UK, US should garrison troops in Eastern Europe to deter Russia – think tank
Russia isn’t scared of the UK and US because Western troops aren’t garrisoned in neighboring Eastern European states, a fact which Britain must assert itself militarily to overcome, according to a new report by the neoconservative Henry Jackson Society.
The report titled ‘After Crimea: Towards a new British Geostrategy for Eastern Europe?’ was published on Tuesday and focuses on how Britain should respond to the perceived Russian threat.
Timed for release one year after the NATO summit held in Wales, and shortly before the UK government’s Strategic Defence and Security Review (SDSR), the report argues that, “For the first time in over two decades the UK faces, in Russia, a serious state-based competitor on the European continent.”
The report comes to a number of key conclusions about frictions between Russia and the West, claiming that while Russia may not be carrying out a “neo-imperial” project it presents a serious threat. It also claims the lack of permanent UK and US military garrisons in the east has made Russia feel confident.
The report says Britain should plan in case it must relinquish global interests in favor of a relatively local confrontation with Russia.
“Rather than trying to shy away from mainland Europe, the United Kingdom needs to re-assert the European dimension of its global policy more forcefully,” co-authors James Rogers and Andra-Lucia Martinescu argue.
“Europe is the centerpiece of Britain’s wider defense system, and Eastern Europe, being the most exposed to Russia’s aggressive foreign policy, matters most.”
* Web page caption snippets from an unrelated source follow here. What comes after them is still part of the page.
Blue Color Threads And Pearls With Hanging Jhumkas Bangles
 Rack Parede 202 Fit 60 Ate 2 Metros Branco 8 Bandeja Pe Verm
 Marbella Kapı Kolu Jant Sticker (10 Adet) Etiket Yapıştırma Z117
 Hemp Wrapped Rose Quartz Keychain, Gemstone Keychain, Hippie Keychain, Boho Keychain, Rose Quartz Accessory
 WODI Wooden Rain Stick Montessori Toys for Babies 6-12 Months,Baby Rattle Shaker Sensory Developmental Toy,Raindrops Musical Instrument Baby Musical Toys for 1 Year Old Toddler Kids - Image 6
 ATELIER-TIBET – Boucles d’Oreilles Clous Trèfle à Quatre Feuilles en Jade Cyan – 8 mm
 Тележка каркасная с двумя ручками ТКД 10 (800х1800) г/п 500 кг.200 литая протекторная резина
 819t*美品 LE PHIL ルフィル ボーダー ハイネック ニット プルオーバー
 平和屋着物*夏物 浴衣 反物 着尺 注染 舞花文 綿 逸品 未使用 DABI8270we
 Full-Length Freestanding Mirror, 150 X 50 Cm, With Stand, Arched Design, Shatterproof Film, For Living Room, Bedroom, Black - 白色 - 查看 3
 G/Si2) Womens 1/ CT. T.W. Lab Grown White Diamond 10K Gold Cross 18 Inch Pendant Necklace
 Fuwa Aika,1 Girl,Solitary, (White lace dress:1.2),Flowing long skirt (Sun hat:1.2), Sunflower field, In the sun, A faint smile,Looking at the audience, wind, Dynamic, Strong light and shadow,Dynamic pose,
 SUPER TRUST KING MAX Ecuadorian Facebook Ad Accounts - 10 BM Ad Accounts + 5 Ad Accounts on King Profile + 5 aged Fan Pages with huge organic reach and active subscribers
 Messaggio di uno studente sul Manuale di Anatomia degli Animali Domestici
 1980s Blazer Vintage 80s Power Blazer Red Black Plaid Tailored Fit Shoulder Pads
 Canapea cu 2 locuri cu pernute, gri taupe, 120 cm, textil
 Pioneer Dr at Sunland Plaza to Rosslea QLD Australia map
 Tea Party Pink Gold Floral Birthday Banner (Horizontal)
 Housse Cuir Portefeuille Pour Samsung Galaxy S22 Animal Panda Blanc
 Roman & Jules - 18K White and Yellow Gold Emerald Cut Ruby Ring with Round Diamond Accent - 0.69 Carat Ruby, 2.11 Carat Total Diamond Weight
Rogers and Martinescu also emphasize Britain’s central role in NATO and what they see as its commitment to the rights of weaker nations.
“Long a strong supporter of smaller nations’ right to self-determination, as well as NATO, the UK must ensure the ‘assurance measures’ adopted by the Alliance are sufficient to deter Russian provocation.
“The Baltic States have asked NATO for the installation of permanent garrisons on their territory: as the most militarily powerful European country, the UK has a responsibility, both to its allies and to itself, to respond appropriately,” they say.
Raised tensions between the West and Russia have led to a series of massive military exercises along the borders of European states, a situation which some claim carries its own dangers.
On August 12, the European Leadership Network (ELN) think-tank published a report titled ‘Preparing for the Worst: Are Russian and NATO Military Exercises Making War in Europe more Likely?’ in which the dangers of military escalation are assessed.
The investigation of two training deployments – one NATO and one Russian – found that “both exercises show that each side is training with the other side’s capabilities and most likely war plans in mind.”
It also argued that while spokespeople on both sides “may maintain that these operations are targeted against hypothetical opponents, the nature and scale of them indicate otherwise: Russia is preparing for a conflict with NATO, and NATO is preparing for a possible confrontation with Russia.”
The report recommended that both sides increase communication with regards to the scheduling of exercises and urged “politicians on both sides [to] examine the benefits and dangers of intensified exercising in the border areas.”
In January, world-renowned academic and linguist Noam Chomsky told RT the world was being plunged back into a Cold War deadlock accompanied the same nuclear risks as the original confrontation.
“The worst-case scenario, of course, would be a nuclear war, which would be terrible. Both states that initiate it will be wiped out by the consequences. That’s the worst-case. And it’s come ominously close several times in the past, dramatically close. And it could happen again, but not planned, but just by the accidental interactions that take place – that has almost happened,” Chomsky told RT’s Sophie Shevardnadze.